━━ Supplied material ━━
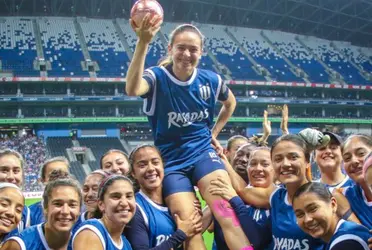 La joven futbolista fue considerada la mejor jugadora menor del 2022. 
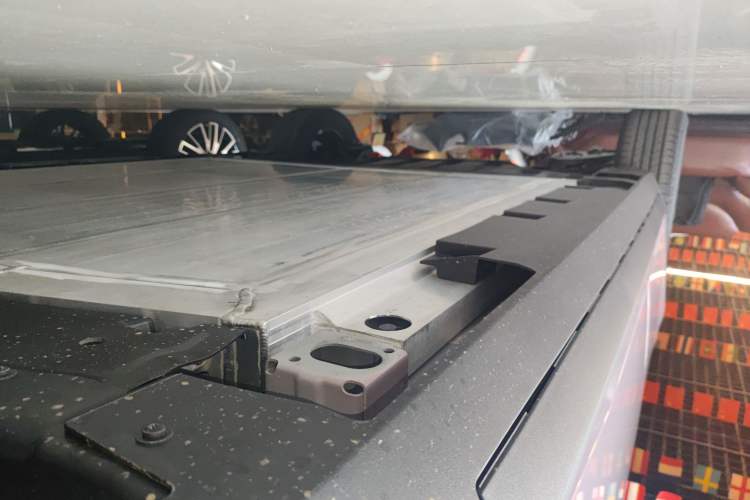 Used AION UT 2025 330 Starlight Edition Right Side Sill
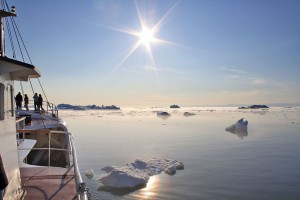 Eisige Weite: Für viele Reisende ist eine Arktis-Kreuzfahrt ein Lebenstraum. Foto: djd/Polar Kreuzfahrten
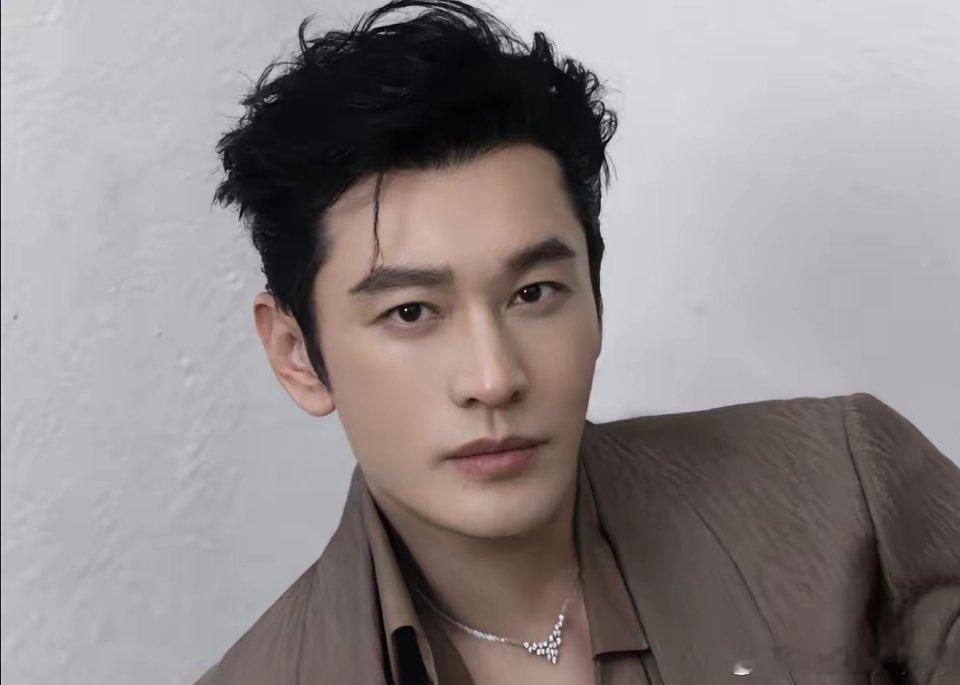 5年，黄晓明还是那个老板，杨紫却不是那个妹妹了。黄晓明高调发文，替杨紫新剧站台，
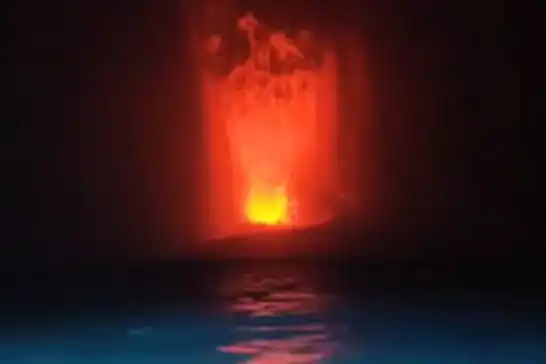 Endonezya'da Anak Krakatau Yanardağı faaliyete geçti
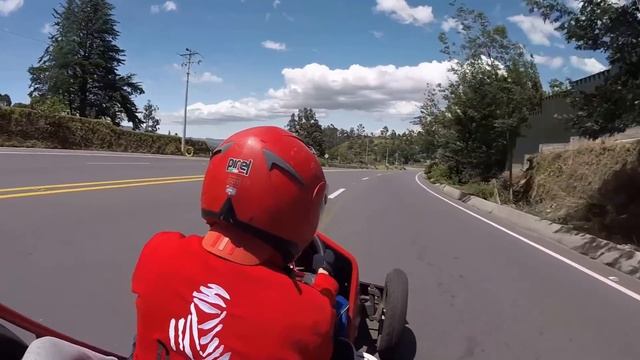 ГОНКИ С ГОРЫ БЕЗ ДВИГАТЕЛЕЙ В ЭКВАДОРЕ смотреть онлайн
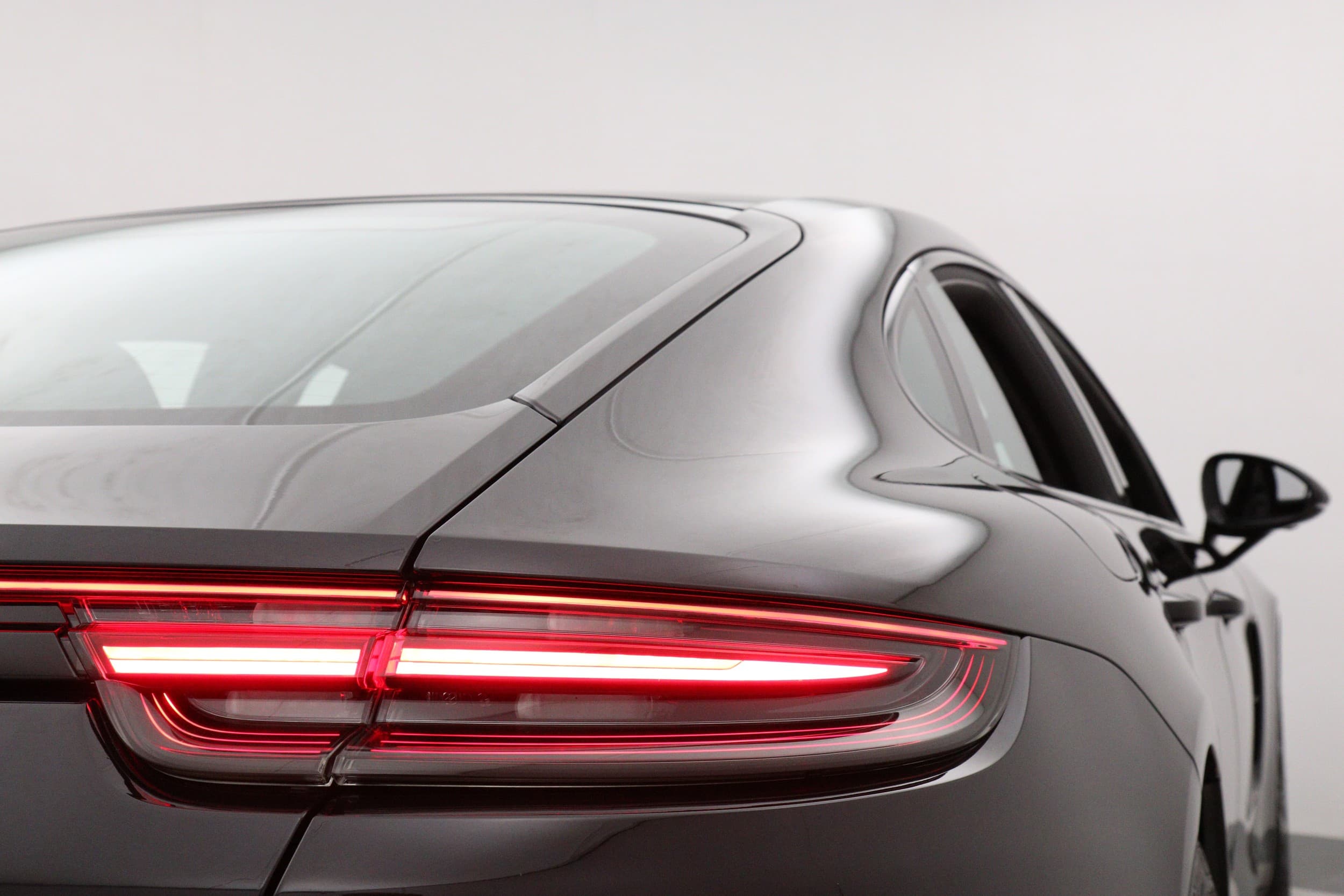 Porsche Panamera 4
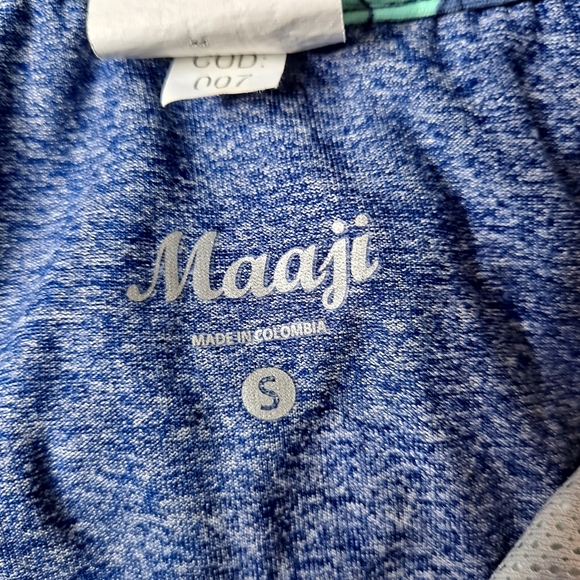 EUC Maaji Malibu Creek Hoodie Vest Cover Up Size Small - Picture 8 of 16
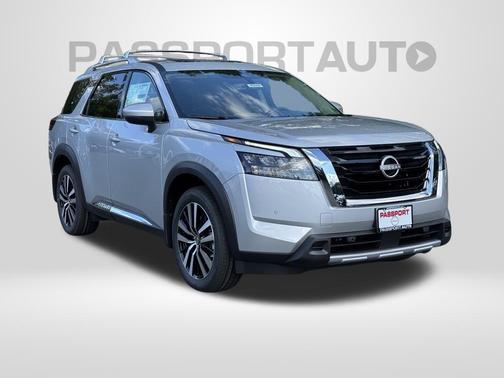 2025 Nissan Pathfinder Platinum 4WD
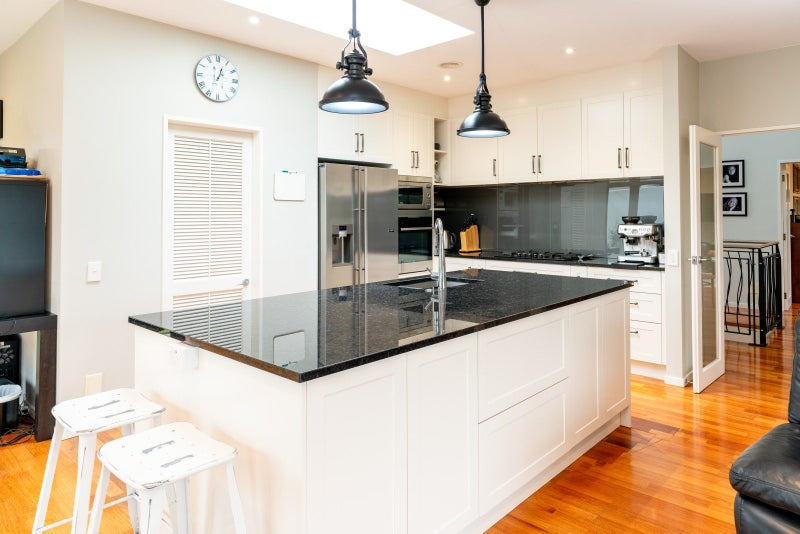 4 BEDROOM STUNNER WITH SUN & VIEWS64439043345155111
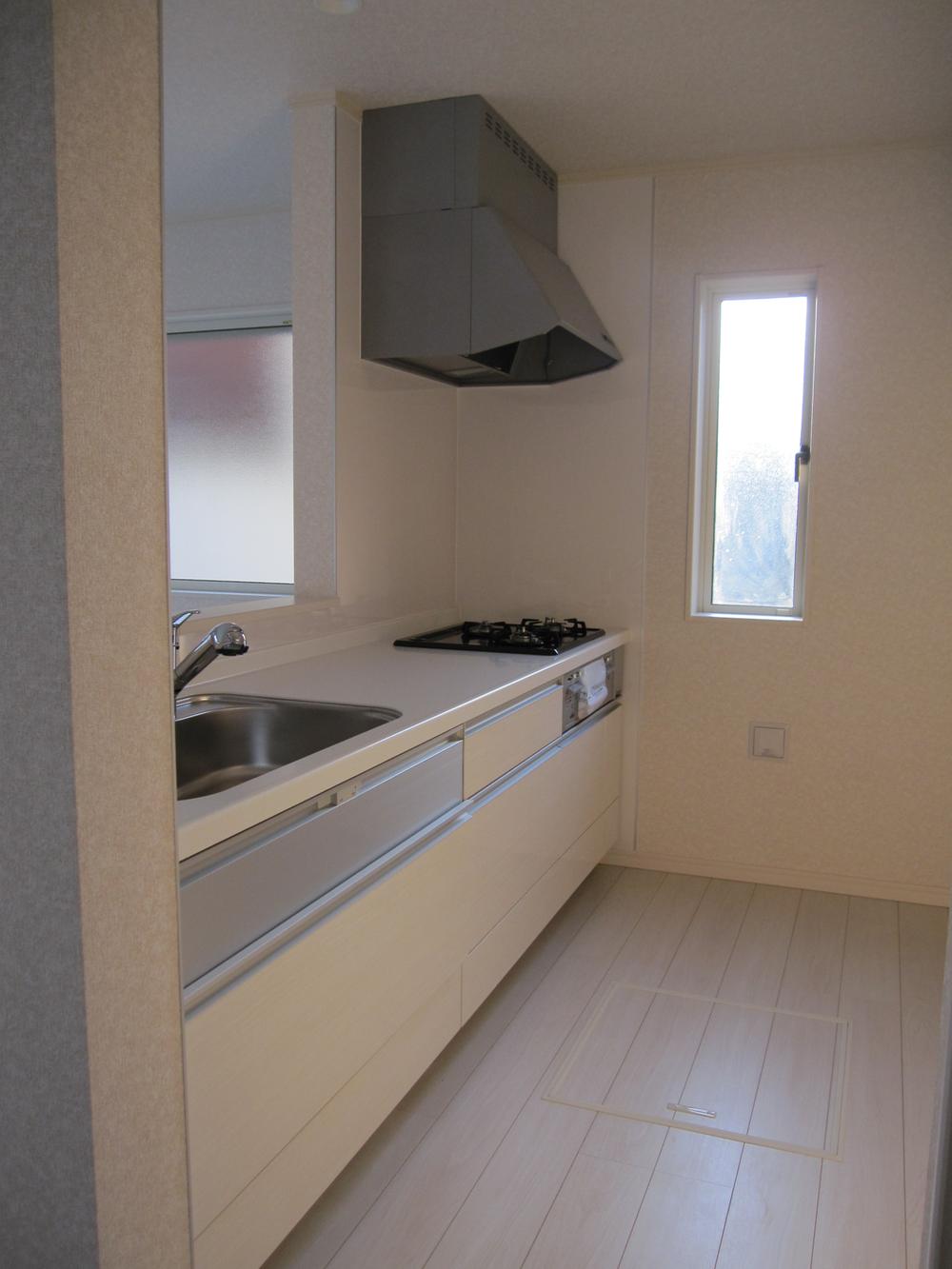 Kitchen. Indoor (12 May 2013) Shooting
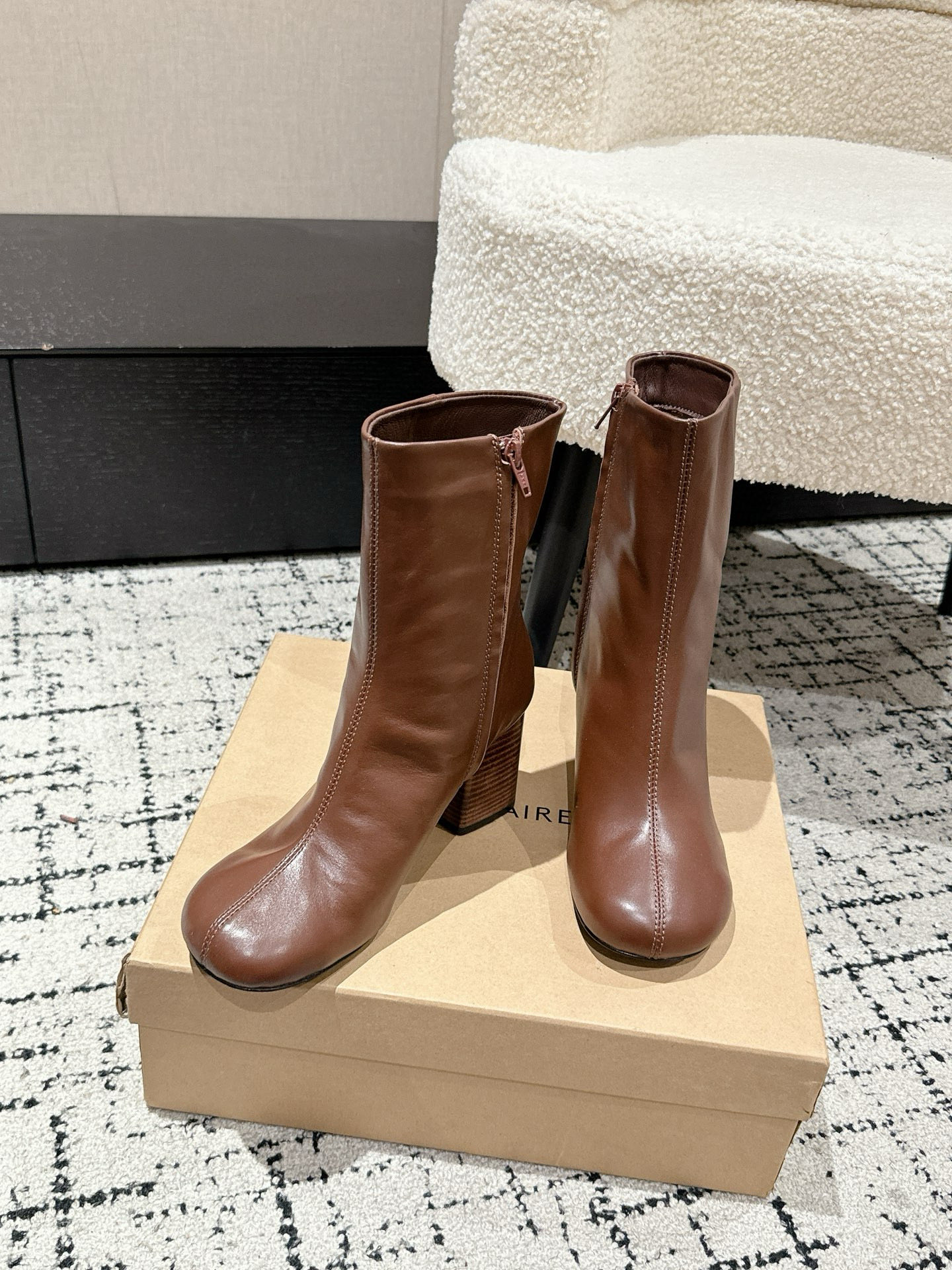 High-Quality Lemaire Boots: Imported Leather, Watered Cattle Lining, Italian Sole. - 图片 2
━━━
Would you copy out every line of the data above exactly, minus the pictures?

 La joven futbolista fue considerada la mejor jugadora menor del 2022. 
 Used AION UT 2025 330 Starlight Edition Right Side Sill
 Eisige Weite: Für viele Reisende ist eine Arktis-Kreuzfahrt ein Lebenstraum. Foto: djd/Polar Kreuzfahrten
 5年，黄晓明还是那个老板，杨紫却不是那个妹妹了。黄晓明高调发文，替杨紫新剧站台，
 Endonezya'da Anak Krakatau Yanardağı faaliyete geçti
 ГОНКИ С ГОРЫ БЕЗ ДВИГАТЕЛЕЙ В ЭКВАДОРЕ смотреть онлайн
 Porsche Panamera 4
 EUC Maaji Malibu Creek Hoodie Vest Cover Up Size Small - Picture 8 of 16
 2025 Nissan Pathfinder Platinum 4WD
 4 BEDROOM STUNNER WITH SUN & VIEWS64439043345155111
 Kitchen. Indoor (12 May 2013) Shooting
 High-Quality Lemaire Boots: Imported Leather, Watered Cattle Lining, Italian Sole. - 图片 2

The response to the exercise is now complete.